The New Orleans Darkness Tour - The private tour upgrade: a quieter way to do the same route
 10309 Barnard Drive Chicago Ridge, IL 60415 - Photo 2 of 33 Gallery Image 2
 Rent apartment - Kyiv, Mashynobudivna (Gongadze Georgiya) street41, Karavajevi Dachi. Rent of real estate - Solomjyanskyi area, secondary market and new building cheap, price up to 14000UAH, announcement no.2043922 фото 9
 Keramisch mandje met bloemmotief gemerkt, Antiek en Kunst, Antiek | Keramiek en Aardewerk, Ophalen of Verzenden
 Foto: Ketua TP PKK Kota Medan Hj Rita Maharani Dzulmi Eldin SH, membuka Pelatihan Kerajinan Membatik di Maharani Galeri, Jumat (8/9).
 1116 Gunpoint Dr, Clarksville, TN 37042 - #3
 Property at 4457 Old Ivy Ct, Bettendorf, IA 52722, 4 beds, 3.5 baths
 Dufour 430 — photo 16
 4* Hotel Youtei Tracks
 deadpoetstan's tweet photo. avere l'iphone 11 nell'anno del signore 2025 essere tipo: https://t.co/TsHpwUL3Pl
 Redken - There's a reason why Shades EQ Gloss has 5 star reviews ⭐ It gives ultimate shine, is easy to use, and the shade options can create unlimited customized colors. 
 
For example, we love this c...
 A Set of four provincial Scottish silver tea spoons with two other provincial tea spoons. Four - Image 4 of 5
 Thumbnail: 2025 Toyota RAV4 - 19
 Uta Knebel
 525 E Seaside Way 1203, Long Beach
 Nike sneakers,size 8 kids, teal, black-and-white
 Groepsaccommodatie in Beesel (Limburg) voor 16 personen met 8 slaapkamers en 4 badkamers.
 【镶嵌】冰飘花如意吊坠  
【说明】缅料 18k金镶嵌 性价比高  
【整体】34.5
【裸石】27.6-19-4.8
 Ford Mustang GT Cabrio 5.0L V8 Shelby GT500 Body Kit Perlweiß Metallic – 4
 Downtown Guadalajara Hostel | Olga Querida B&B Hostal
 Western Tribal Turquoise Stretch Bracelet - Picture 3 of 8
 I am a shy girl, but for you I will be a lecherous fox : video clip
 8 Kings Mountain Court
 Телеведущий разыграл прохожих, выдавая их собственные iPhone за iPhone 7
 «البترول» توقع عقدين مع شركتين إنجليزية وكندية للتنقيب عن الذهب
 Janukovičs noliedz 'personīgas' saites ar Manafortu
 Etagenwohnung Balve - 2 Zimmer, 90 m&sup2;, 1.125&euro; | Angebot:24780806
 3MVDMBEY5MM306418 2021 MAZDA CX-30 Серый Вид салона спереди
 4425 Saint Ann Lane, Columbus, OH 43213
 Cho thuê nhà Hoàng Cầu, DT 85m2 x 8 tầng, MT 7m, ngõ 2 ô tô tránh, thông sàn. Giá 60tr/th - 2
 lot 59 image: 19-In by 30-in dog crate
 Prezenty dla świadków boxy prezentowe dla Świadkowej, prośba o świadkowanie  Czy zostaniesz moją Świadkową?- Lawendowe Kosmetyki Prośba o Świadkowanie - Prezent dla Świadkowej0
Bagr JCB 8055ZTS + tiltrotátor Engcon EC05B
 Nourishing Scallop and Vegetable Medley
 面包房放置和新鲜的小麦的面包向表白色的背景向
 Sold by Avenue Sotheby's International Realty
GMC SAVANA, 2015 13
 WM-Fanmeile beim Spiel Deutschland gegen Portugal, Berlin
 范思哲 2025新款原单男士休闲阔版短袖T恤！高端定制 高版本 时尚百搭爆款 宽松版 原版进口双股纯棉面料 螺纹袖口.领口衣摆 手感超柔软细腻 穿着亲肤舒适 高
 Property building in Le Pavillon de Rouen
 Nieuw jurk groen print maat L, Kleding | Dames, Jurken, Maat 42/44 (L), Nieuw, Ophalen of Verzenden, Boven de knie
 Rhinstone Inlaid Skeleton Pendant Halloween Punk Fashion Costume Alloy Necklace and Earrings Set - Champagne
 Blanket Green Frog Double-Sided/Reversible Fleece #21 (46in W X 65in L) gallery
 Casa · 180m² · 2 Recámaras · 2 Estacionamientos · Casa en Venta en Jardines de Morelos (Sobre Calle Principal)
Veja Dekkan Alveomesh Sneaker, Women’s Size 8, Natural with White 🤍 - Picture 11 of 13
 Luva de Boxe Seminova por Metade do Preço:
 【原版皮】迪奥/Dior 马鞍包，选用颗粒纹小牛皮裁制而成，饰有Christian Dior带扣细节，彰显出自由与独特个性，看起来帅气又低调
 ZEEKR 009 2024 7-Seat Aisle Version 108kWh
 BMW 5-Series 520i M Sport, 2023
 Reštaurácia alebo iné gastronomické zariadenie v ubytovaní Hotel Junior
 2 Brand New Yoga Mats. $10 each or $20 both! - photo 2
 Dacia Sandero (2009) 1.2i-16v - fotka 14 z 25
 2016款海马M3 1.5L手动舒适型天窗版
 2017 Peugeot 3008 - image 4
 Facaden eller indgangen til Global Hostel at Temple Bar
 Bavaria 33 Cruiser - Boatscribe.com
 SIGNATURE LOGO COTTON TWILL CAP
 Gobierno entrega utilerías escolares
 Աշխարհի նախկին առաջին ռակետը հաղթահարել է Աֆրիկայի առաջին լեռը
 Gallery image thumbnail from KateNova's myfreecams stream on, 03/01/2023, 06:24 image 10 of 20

* * * *

## THE TASK:
Output only an exact transcription of the lines above from the one with "Bagr JCB 8055ZTS + tiltrotátor Engcon EC05B" up to and including the one with "Blanket Green Frog".

## THE COMPLETED TASK:
Bagr JCB 8055ZTS + tiltrotátor Engcon EC05B
 Nourishing Scallop and Vegetable Medley
 面包房放置和新鲜的小麦的面包向表白色的背景向
 Sold by Avenue Sotheby's International Realty
GMC SAVANA, 2015 13
 WM-Fanmeile beim Spiel Deutschland gegen Portugal, Berlin
 范思哲 2025新款原单男士休闲阔版短袖T恤！高端定制 高版本 时尚百搭爆款 宽松版 原版进口双股纯棉面料 螺纹袖口.领口衣摆 手感超柔软细腻 穿着亲肤舒适 高
 Property building in Le Pavillon de Rouen
 Nieuw jurk groen print maat L, Kleding | Dames, Jurken, Maat 42/44 (L), Nieuw, Ophalen of Verzenden, Boven de knie
 Rhinstone Inlaid Skeleton Pendant Halloween Punk Fashion Costume Alloy Necklace and Earrings Set - Champagne
 Blanket Green Frog Double-Sided/Reversible Fleece #21 (46in W X 65in L) gallery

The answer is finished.